Wednesday, May 11, 2022

This is bad and it's not going to blow over

 Something very bad just happened this week. People, not all of whom are demon possessed went to Catholic churches and tried to terrorize people and commit sacrilege. In Katy, Texas they stole the Blessed Sacrament. All these people got away with it. If any of them get  arrested we will watch them skip out of court with a triumphant leer on their ugly faces.  Catholics became second class citizens this week and there is nary a peep from the US bishops. There's not a Bishop "Dagger" John Hughes among them.
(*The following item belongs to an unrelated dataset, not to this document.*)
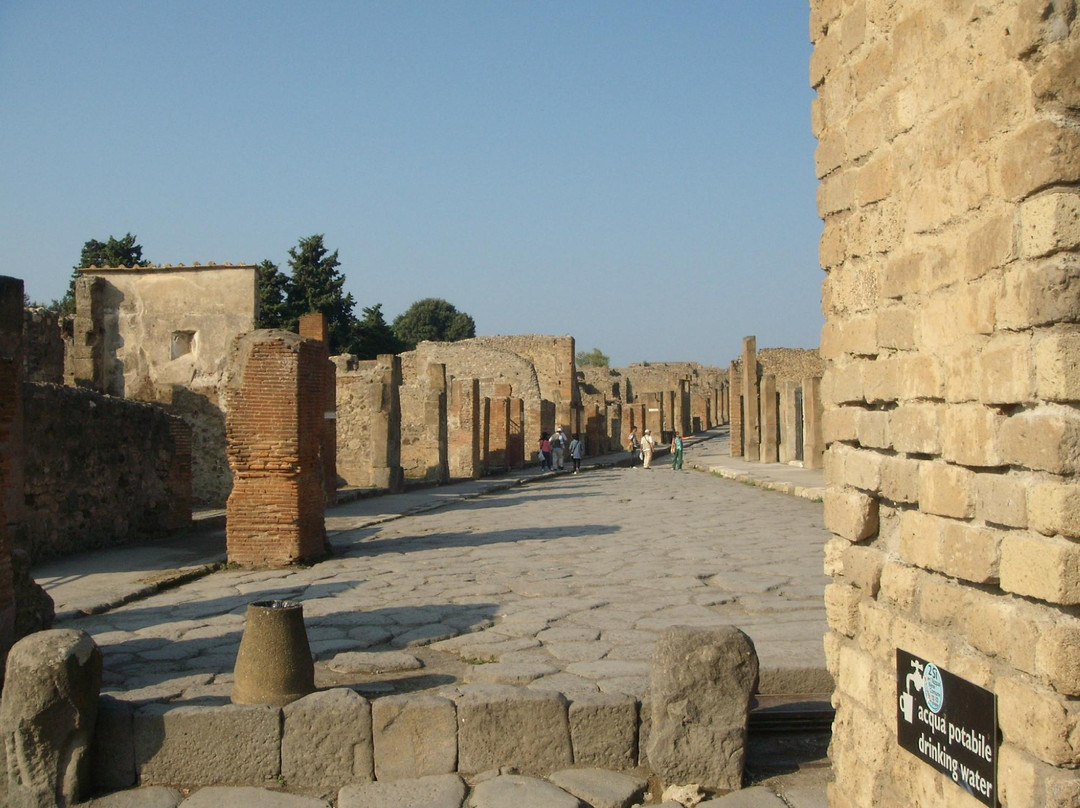 Via dell’Abbondanza景点图片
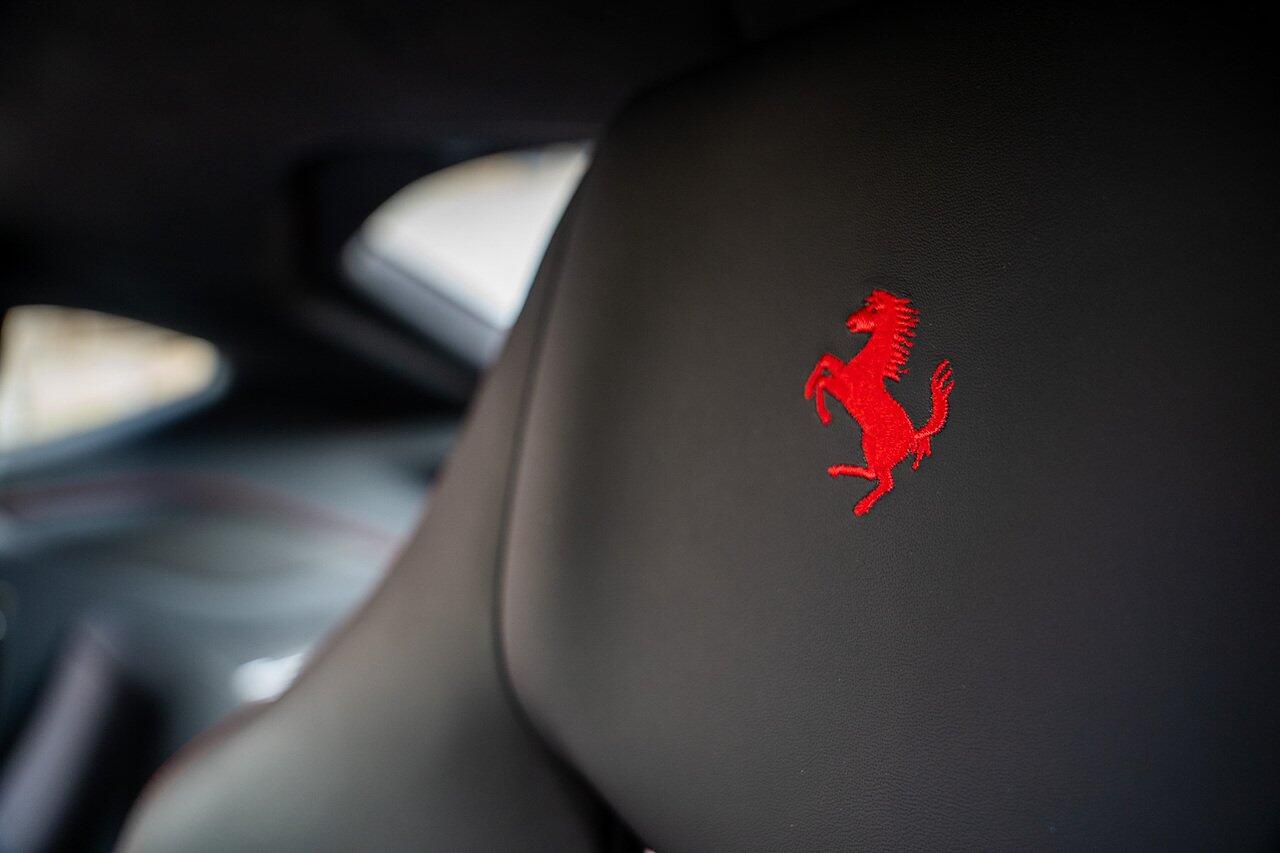 Ferrari 812 view 82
 If you believe the Kennedy presidency was the Catholic high water mark (Really? The Kennedy's always put their Faith second place to politics) then the Biden term in office has got to be a decline not seen since the Klan and No Nothings before them were attacking Irish Catholics. What's been happening would have been unthinkable 50 years ago. And for all you interfaith folks, have you seen any of the separated brethren standing arm in arm with Catholics at the Church door? No, in fact, if you go visit the interfaith salons you  may notice that they're strangely quiet right now. 

Does this sound familiar to you? Do you recall reading about  times in history when goons were allowed and encouraged to do things like this? It didn't blow over then did it? I don't think it's going to blow over now.

Thursday, May 05, 2022

Random thoughts on a Thursday afternoon

  •  There is no more fiercer critic of the Church than one who has left her due to scandal. Congresswoman Marjorie Taylor Greene used to be Catholic but now attends some Protestant group's services.  The sex scandals are apparently her main reason for that and she certainly is not the only one. The toothless, worthless Catholic League got upset with her recent comments but conveniently ignore why Greene said what she said.  




  • I don't believe Roe will fall this year. I think one or two of the Justices will be be intimidated into changing their votes which is what the leak of the draft was intended to do. Frankly my main concern right now is the threats of violence against Catholic churches. Notice that nobody is calling for bothering non-denominational soft rock bank churches or any other blend of Protestant worship hall. I guess that's the devil admitting that only the Catholic Church is true.



  • There is talk that the traditional Mass at Old St. Mary's in Chinatown in DC is going to be cancelled and moved to the widely criticized JPII Center near Catholic U. That would a be a shock. For many years the only place in DC to find a traditional Mass was St. Mary's. However, parking over at JPII would be much, much better. One reason why Rocky and I never go to St. Mary's anymore is that unless you get there two hours early parking is impossible and while it's not as bad as it used to be, it is not in a neighborhood where you can afford to daydream in while walking to Mass. Cardinal Gregory, if he does force a move, may not intend it as a kindly gesture but it might work out for the good in the long run.